§ Task to complete:
Retype only the lines below from the one with "ACEPeruOfficial's tweet photo." to the one with "Con mucha felicidad", inclusive, skipping every image.

§ Source material:
---

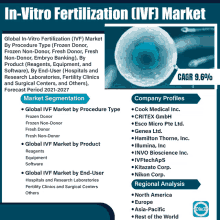 a poster titled in-vitro fertilization ( ivf ) market by procedure type and company profiles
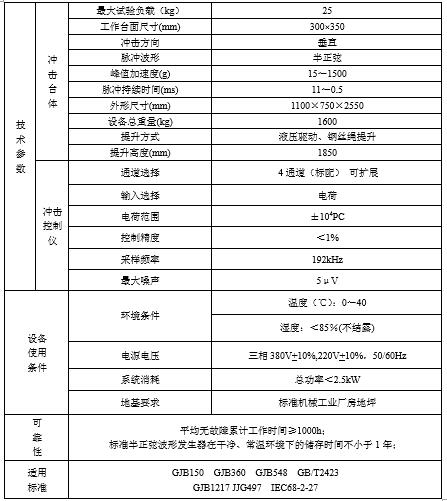 垂直式液壓沖擊試驗(yàn)臺(tái)(圖1)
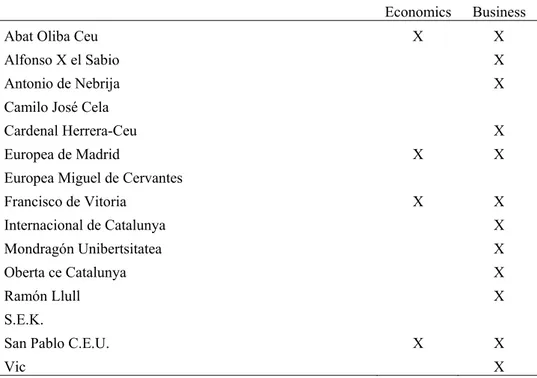 Table 3. Private universities that taught Economics or Business Administration and Management courses in  the academic year 2004/2005 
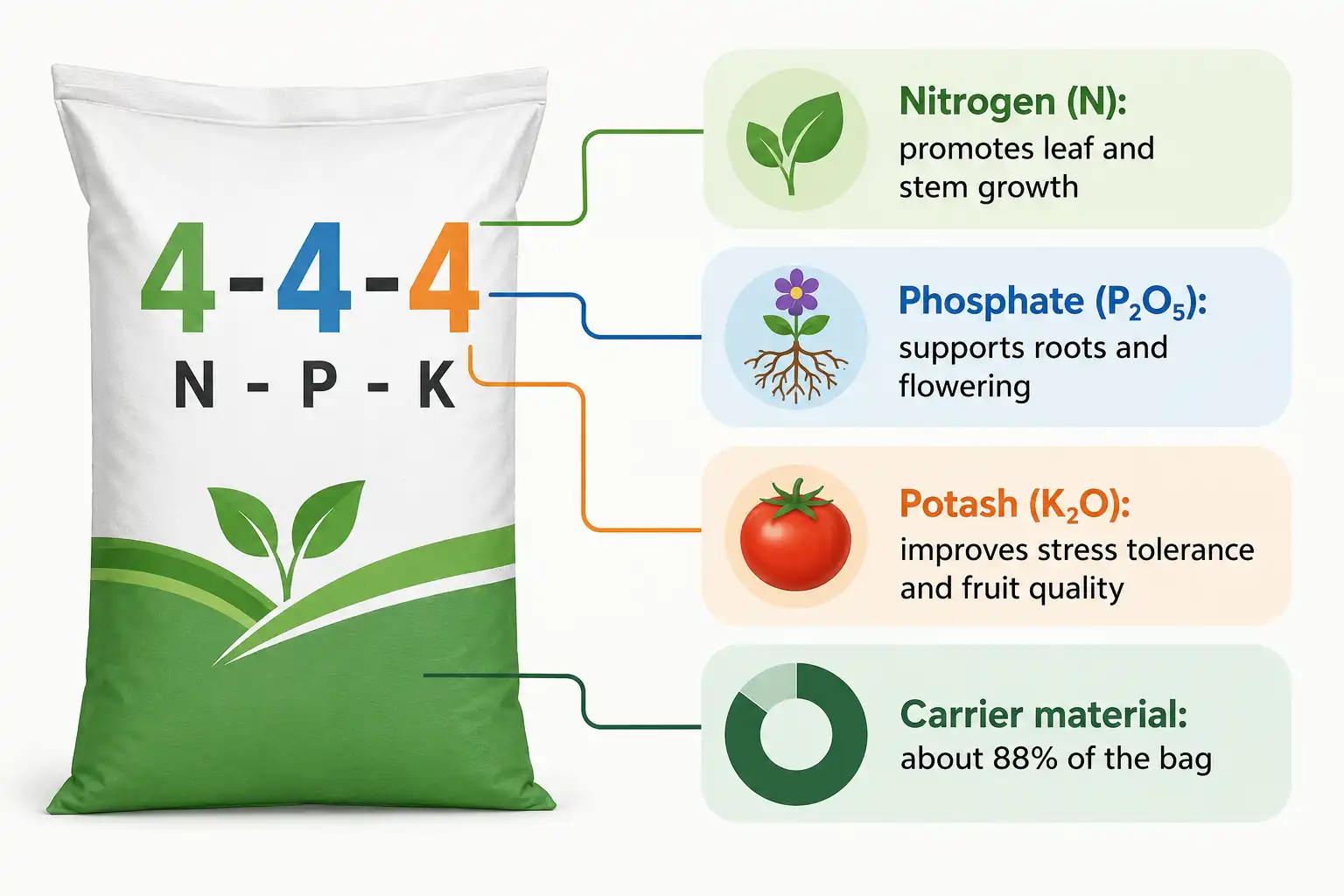 The first number is nitrogen for leaves, the second is phosphate for roots, the third is potash for fruit quality, and the rest of the bag is organic carrier.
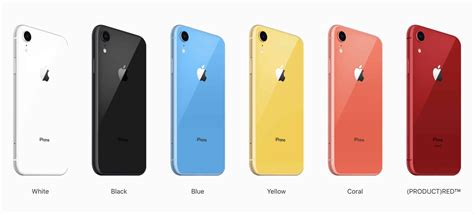 I Am Just Curious Which Iphone Xr Colors Do You Pick And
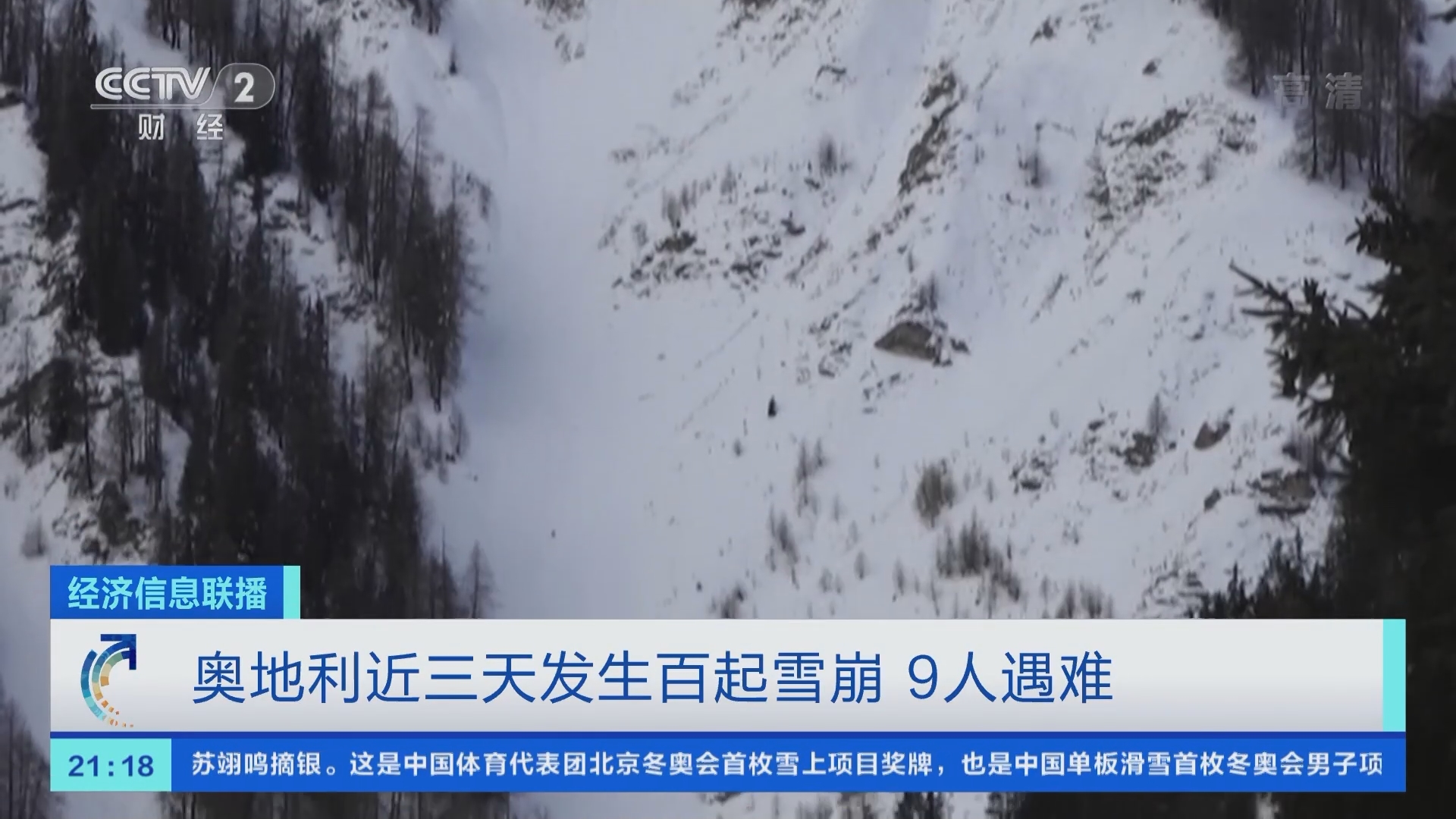经济信息联播]奥地利近三天发生百起雪崩9人遇难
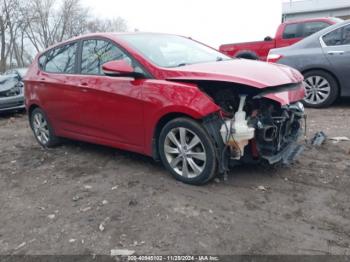  Salvage Hyundai ACCENT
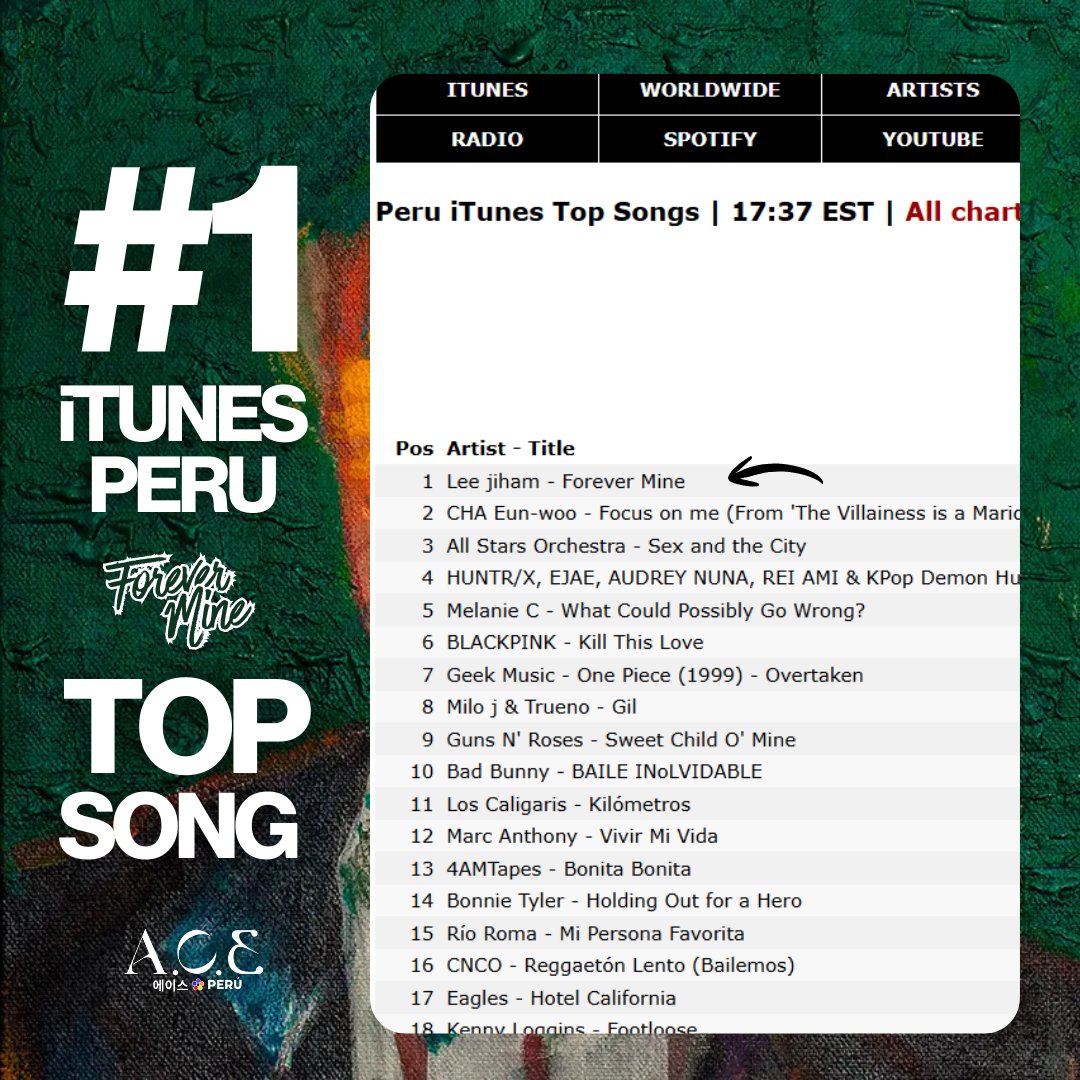 ACEPeruOfficial's tweet photo. 𝗶𝗧𝗨𝗡𝗘𝗦 𝗣𝗘𝗥𝗨 #𝟭 𝗧𝗢𝗣 𝗦𝗢𝗡𝗚 🇵🇪
LEE JIHAM Digital single [Forever Mine] 

Con mucha felicidad les mostramos el resultado  de nuestro proyecto. Gracias a todos los fans que participaron,  Perú ama y apoya a Jiham ♡

This project was made with all our hearts for Lee Jiham💙 @jihamofficial

Congratulations on reaching first place on iTunes. Peru loves you deeply and will always stand by your side.

#LEEJIHAM #이지함 #Easyham #ジハム #Forever_Mine #JIHAM_ForeverMine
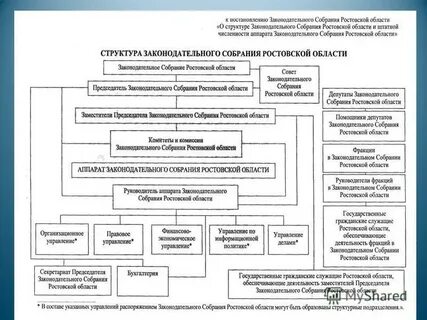 Нижегородская область структура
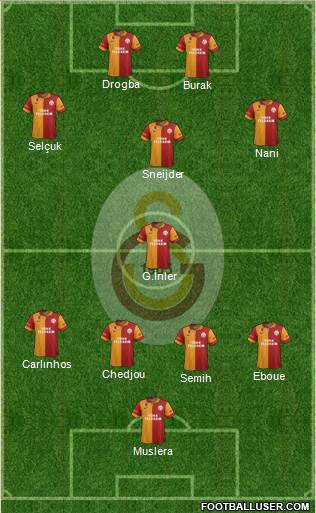 Galatasaray SK Formation 2013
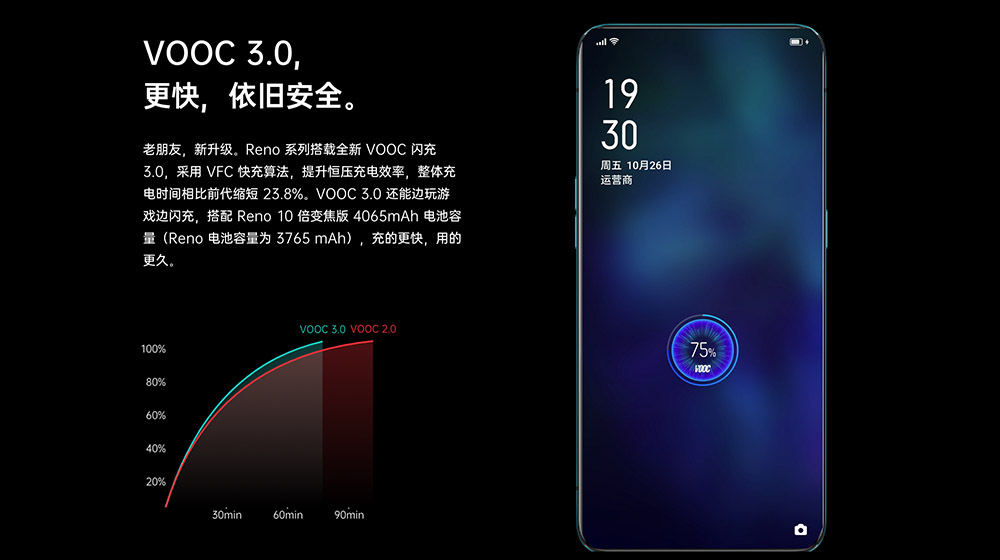 Apple Watch|苹果“卷”快充?Apple Watch四十五分钟恢复80%,前提是:加钱买线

---

§ Answer box:
 ACEPeruOfficial's tweet photo. 𝗶𝗧𝗨𝗡𝗘𝗦 𝗣𝗘𝗥𝗨 #𝟭 𝗧𝗢𝗣 𝗦𝗢𝗡𝗚 🇵🇪
LEE JIHAM Digital single [Forever Mine] 

Con mucha felicidad les mostramos el resultado  de nuestro proyecto. Gracias a todos los fans que participaron,  Perú ama y apoya a Jiham ♡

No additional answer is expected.